Home > Archive > Unix Programming > August 2006 > need to delete 1st occurrence of \n per line
You are viewing an archived Text-only version of the thread.
To view this thread in it's original format and/or if you want to reply to
this thread please [click here]
| Author |
need to delete 1st occurrence of \n per line
|
|
|
| I have files from US Customs that do not come in sequential order --
although each 'batch' does have a sequential number.
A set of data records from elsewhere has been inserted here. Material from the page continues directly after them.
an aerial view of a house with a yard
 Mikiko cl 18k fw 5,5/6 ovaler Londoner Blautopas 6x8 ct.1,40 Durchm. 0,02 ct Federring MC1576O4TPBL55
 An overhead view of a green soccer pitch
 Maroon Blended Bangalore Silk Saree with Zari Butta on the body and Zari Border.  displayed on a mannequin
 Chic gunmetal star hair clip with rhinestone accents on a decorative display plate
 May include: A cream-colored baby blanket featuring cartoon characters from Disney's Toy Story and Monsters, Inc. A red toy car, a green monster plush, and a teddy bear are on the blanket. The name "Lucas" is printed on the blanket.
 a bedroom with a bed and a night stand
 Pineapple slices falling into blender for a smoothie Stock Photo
I need to 'reorder' the file so that it is in sequential order. I can
do this with the 'sort' command, but unfortunately my input file has \n
characters per line. Before the next set of data there are two \n --
I want to delete the first occurrence of \n on the input file.
I've tried "tr" but it does all \n
I've tried "sed" (both the delete and the replace), but when I use \n
in the command line...it does nothing.
Can anyone help?
Thanks : )
| |
| Chris F.A. Johnson 2006-08-09, 7:02 pm |
| On 2006-08-09, Lou wrote:
> I have files from US Customs that do not come in sequential order --
> although each 'batch' does have a sequential number.
> I need to 'reorder' the file so that it is in sequential order. I can
> do this with the 'sort' command, but unfortunately my input file has \n
> characters per line. Before the next set of data there are two \n --
> I want to delete the first occurrence of \n on the input file.
What do the lines look like, exactly?
> I've tried "tr" but it does all \n
What did you try? Give the exact command.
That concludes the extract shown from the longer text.